____ DATASET RECORDS

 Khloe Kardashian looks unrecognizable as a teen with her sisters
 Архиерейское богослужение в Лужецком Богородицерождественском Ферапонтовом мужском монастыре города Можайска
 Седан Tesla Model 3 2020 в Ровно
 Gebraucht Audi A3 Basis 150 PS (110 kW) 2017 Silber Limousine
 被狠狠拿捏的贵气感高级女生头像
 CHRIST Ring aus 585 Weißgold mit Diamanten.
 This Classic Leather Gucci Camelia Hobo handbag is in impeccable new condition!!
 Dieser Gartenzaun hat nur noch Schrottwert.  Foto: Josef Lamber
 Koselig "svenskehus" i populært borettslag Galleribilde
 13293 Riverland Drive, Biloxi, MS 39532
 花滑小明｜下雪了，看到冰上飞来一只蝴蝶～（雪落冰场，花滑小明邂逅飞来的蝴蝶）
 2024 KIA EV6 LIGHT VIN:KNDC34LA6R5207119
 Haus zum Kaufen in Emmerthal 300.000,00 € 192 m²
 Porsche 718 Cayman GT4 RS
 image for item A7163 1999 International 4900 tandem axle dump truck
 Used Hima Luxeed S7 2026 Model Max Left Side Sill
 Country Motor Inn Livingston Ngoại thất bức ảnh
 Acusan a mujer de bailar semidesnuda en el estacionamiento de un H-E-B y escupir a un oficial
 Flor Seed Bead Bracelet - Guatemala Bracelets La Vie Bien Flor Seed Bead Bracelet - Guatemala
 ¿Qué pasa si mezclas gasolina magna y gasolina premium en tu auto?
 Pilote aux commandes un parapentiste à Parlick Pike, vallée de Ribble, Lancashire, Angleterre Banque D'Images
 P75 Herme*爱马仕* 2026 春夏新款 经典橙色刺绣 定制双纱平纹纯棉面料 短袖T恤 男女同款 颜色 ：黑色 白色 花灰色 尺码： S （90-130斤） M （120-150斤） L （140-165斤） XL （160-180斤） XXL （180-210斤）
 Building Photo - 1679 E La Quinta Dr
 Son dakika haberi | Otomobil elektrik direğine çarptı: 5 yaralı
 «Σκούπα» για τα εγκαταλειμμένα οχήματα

________

- INSTRUCTIONS FOR THE TASK: The string "Model" marks the lines to return from the material. Copy each one.

- ANSWER FOR THE TASK:
 Седан Tesla Model 3 2020 в Ровно
 Used Hima Luxeed S7 2026 Model Max Left Side Sill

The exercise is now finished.